In infrastructure, the best performing investment trust over the past decade is 3i Infrastructure. It has a total return (including dividends) of 178 per cent over the past ten years and takes more of a 'private equity' style approach to infrastructure investing (so there is slightly more equity-style risk).
If I wanted something that specifically invests in renewable energy infrastructure, as my previous holding had, then the top performers include Greencoat UK Wind, which has a total return of 78 per cent over ten years and Foresight Solar, up 64 per cent.

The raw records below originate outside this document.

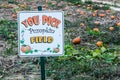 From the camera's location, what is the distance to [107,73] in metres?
6.33

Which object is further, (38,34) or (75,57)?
(75,57)

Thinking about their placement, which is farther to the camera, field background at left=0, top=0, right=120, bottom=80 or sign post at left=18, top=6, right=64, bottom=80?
field background at left=0, top=0, right=120, bottom=80

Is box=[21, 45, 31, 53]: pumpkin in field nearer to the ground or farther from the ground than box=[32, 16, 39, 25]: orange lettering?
nearer to the ground

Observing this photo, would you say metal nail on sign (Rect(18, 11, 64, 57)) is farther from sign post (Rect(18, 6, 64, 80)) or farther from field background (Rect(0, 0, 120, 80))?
field background (Rect(0, 0, 120, 80))

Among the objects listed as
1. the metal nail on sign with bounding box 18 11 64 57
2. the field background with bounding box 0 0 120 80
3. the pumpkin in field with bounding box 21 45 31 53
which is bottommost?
the field background with bounding box 0 0 120 80

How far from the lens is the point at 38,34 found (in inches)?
207

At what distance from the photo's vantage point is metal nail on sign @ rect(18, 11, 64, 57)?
17.2 ft

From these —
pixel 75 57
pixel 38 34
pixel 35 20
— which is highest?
pixel 35 20

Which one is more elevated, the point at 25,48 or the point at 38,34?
the point at 38,34

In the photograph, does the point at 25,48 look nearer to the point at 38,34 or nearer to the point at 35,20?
the point at 38,34

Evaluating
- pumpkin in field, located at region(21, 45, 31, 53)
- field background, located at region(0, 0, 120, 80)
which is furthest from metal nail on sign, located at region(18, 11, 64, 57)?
field background, located at region(0, 0, 120, 80)

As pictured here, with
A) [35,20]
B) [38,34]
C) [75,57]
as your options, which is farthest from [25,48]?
[75,57]

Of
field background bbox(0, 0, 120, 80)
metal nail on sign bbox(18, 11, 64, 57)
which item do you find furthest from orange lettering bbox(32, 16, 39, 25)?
field background bbox(0, 0, 120, 80)

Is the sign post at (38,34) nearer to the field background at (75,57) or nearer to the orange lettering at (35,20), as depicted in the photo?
the orange lettering at (35,20) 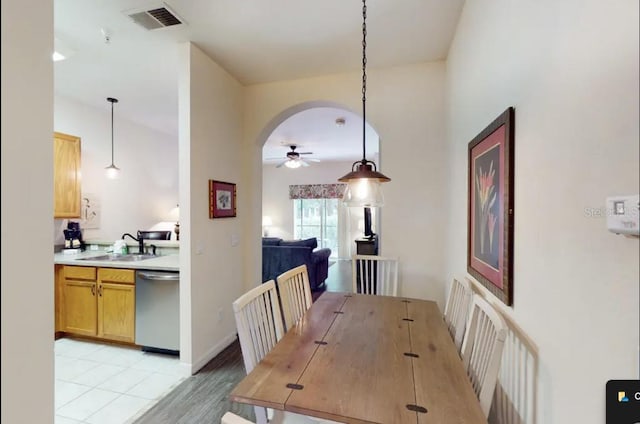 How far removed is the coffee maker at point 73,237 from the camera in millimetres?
3668

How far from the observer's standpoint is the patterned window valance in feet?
28.1

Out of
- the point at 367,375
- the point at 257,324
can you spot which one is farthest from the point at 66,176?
the point at 367,375

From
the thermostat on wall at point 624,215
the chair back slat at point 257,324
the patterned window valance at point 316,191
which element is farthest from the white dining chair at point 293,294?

A report last year by the consultancy PwC estimated the total global requirement for infrastructure investment to be about $3.9 trillion (£2.9 trillion) a year. Once you add in the Labour government's pledge to double onshore wind, triple solar power and quadruple offshore wind by 2030, alongside its plans to overhaul planning laws, then the combination of infrastructure and renewables seems a potential winner.
There are, of course, ways in which the investment trust sector could improve. At the moment there are too many trusts available, it is still reeling from the Saba saga, where investor activists bought up shares in trusts to try to force through changes, and discounts could be narrower.
But as a place for investing in long-term illiquid assets, it is certainly a happy one. And as I have learnt from my young son, Reeves is unlikely to do much good by trying to make it happier.